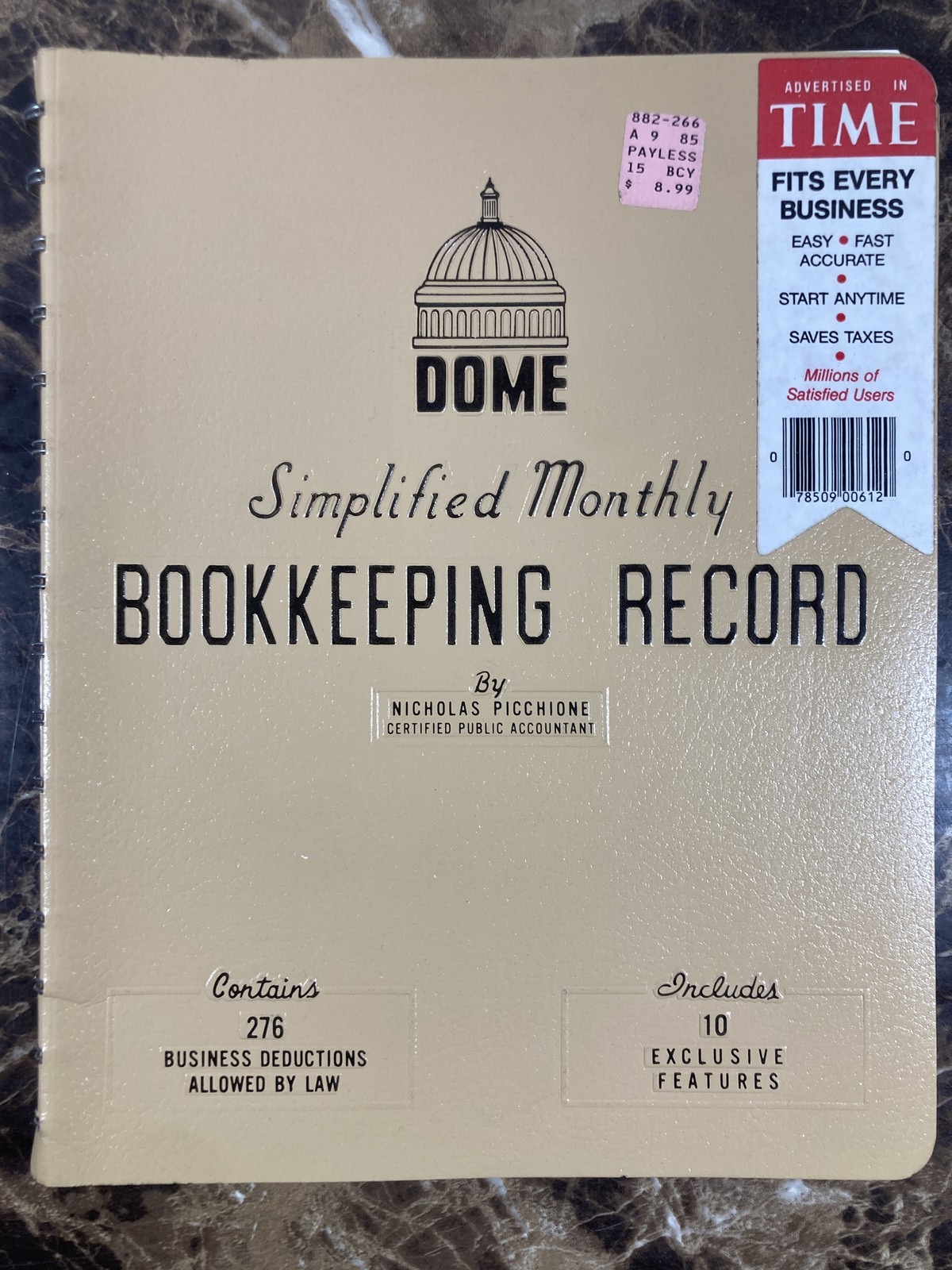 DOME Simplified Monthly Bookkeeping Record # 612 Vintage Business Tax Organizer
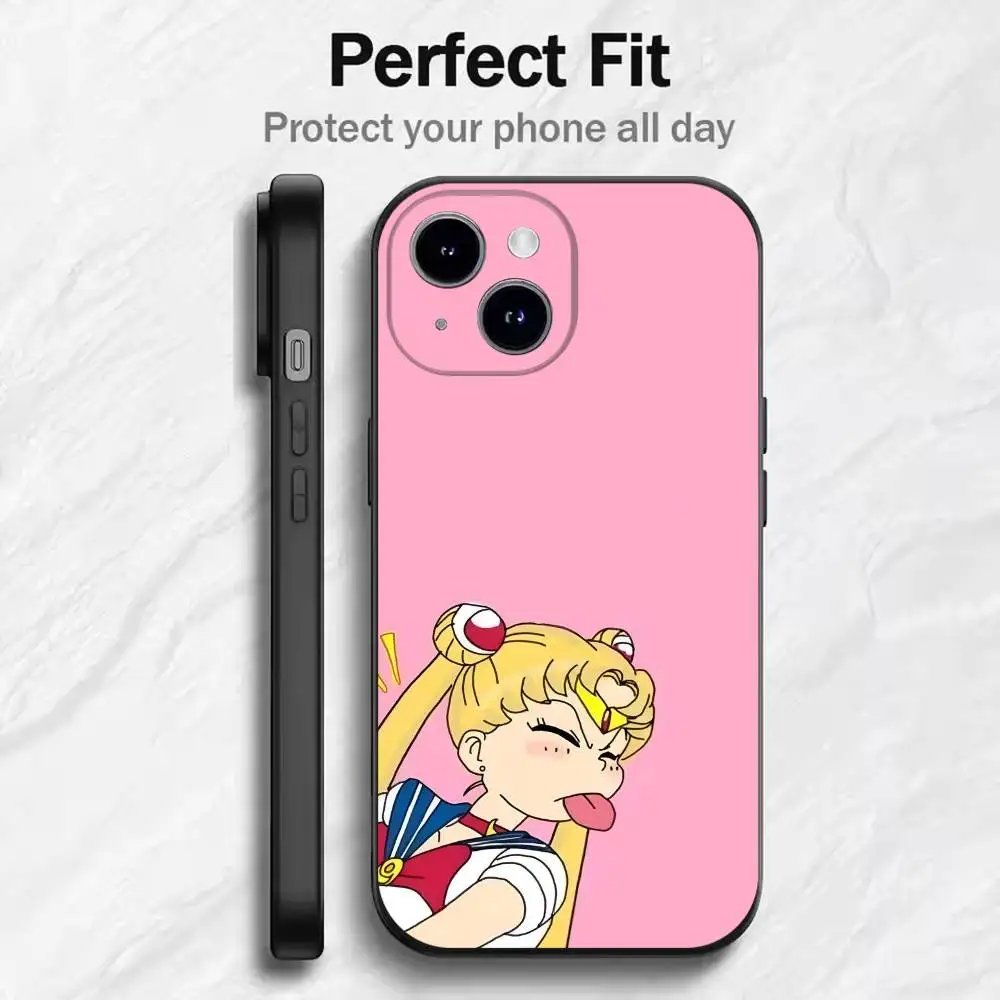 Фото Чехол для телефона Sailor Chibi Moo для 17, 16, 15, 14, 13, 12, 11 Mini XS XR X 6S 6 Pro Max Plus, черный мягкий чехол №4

* * *

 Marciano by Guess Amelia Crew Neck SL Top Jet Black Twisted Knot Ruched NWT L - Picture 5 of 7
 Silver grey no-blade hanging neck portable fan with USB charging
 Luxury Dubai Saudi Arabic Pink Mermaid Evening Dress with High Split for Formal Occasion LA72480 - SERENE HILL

#### Exercise directions
Starting at the line above that holds "Marciano by Guess" and ending at the line that holds "Silver grey no-blade", transcribe each line exactly and include no other lines.

#### Exercise response
 Marciano by Guess Amelia Crew Neck SL Top Jet Black Twisted Knot Ruched NWT L - Picture 5 of 7
 Silver grey no-blade hanging neck portable fan with USB charging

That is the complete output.